Deep Questions Raised, No Answers Provided

It signals a certain ambition when an author begins a novel by alluding to one of the most famous opening sentences in all of literature, the first line of Kafka’s Metamorphosis: “When Gregor Samsa woke one morning from troubled dreams, he found himself transformed right there in his bed into some sort of monstrous insect.” Mohsin Hamid is thus setting himself a high bar when he opens his most recent novel, The Last White Man, with a clear echo of Samsa’s fate: “One morning Anders, a white man, woke up to find he had turned a deep and undeniable brown.”

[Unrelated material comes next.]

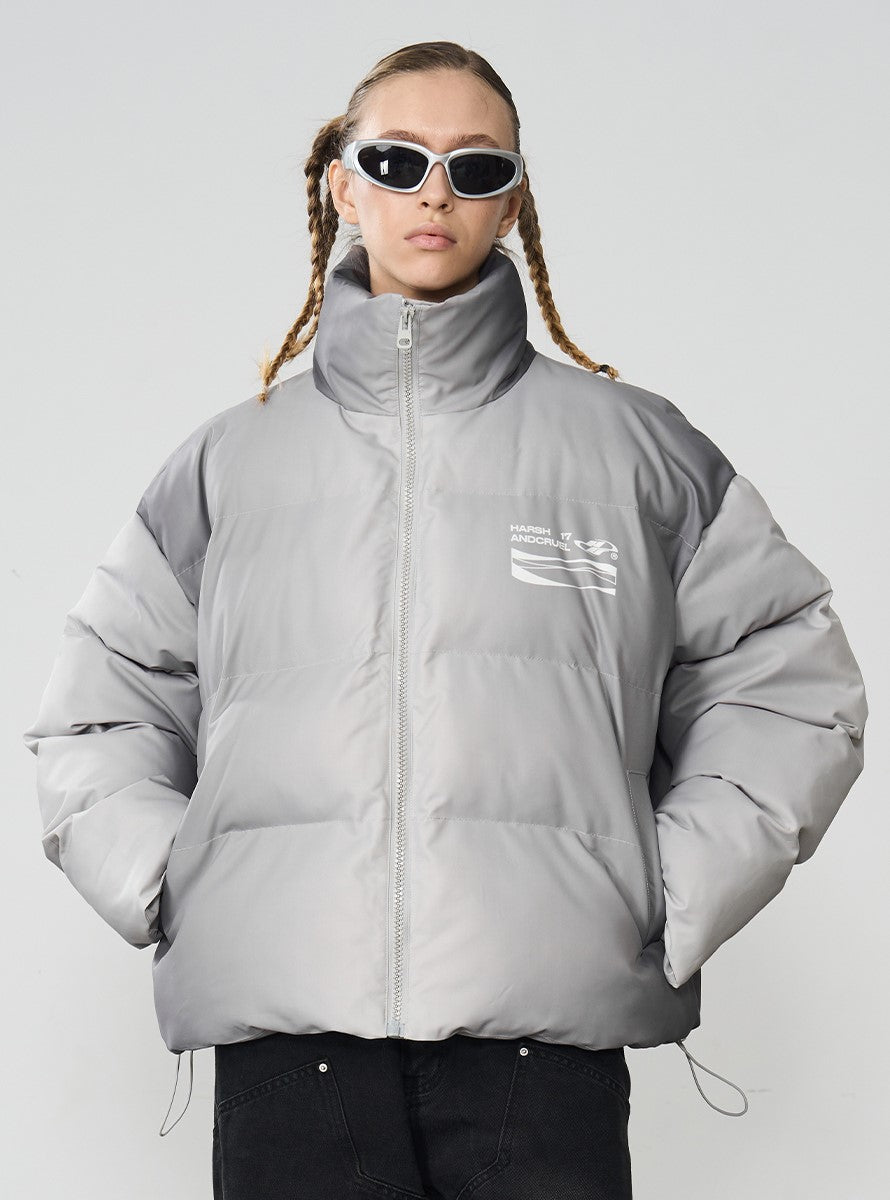Edgy Silver-Tone Puffer Jacket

Anders is not the only person undergoing such a transformation. Rumors begin to emerge of other people suddenly turning dark-skinned as well. Soon there is no doubt: ever more people are waking up with a different skin color. Eventually there are almost no white people remaining, until finally, when Anders’s own father dies, we learn that he was the “last white man” of the book’s title. Whiteness has become a thing of the past.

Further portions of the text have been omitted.